Hallucinations Can Improve Large Language Models in Drug Discovery
Shuzhou Yuan, Michael Färber
2025-01-24

Summary
This paper talks about using 'hallucinations' in AI language models to improve drug discovery. It's like using a computer's imagination to come up with new ideas for medicines.
What's the problem?
Usually, when AI models make things up or 'hallucinate', it's seen as a bad thing.

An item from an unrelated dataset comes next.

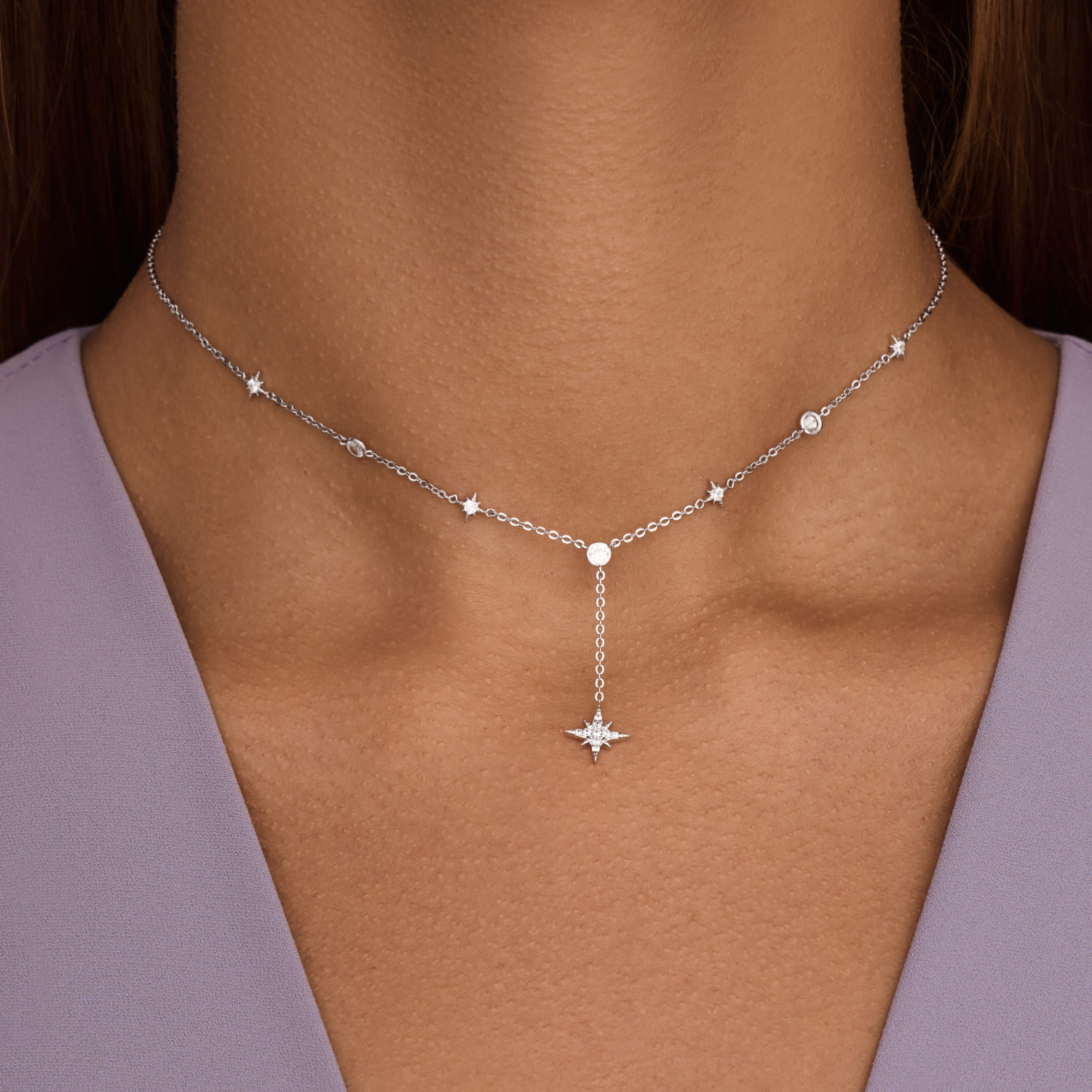 

Серебряное колье-галстук со звездами MIESTILO MIE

But in creative fields like finding new medicines, these made-up ideas might actually be helpful. The problem was that no one had really tested if these AI hallucinations could be useful in drug discovery.
What's the solution?
The researchers tested their idea using seven different AI models. They had the AIs describe molecules in regular language, including some made-up details. Then they used these descriptions to help with tasks related to finding new drugs. They found that the AI models actually did better when they included some of these 'hallucinated' or imagined details. One model called Llama-3.1-8B did 18.35% better when it used hallucinations.
Why it matters?
This matters because it could change how we use AI in science, especially in creating new medicines. Instead of always trying to make AI stick to exact facts, we might sometimes want to let it be more creative. This could lead to discovering new drugs faster or finding medicines we might not have thought of otherwise. It's like giving scientists a super-powered brainstorming partner that can come up with wild but potentially useful ideas.
Abstract
Concerns about hallucinations in Large Language Models (LLMs) have been raised by researchers, yet their potential in areas where creativity is vital, such as drug discovery, merits exploration. In this paper, we come up with the hypothesis that hallucinations can improve LLMs in drug discovery. To verify this hypothesis, we use LLMs to describe the SMILES string of molecules in natural language and then incorporate these descriptions as part of the prompt to address specific tasks in drug discovery. Evaluated on seven LLMs and five classification tasks, our findings confirm the hypothesis: LLMs can achieve better performance with text containing hallucinations. Notably, Llama-3.1-8B achieves an 18.35% gain in ROC-AUC compared to the baseline without hallucination. Furthermore, hallucinations generated by GPT-4o provide the most consistent improvements across models. Additionally, we conduct empirical analyses and a case study to investigate key factors affecting performance and the underlying reasons. Our research sheds light on the potential use of hallucinations for LLMs and offers new perspectives for future research leveraging LLMs in drug discovery.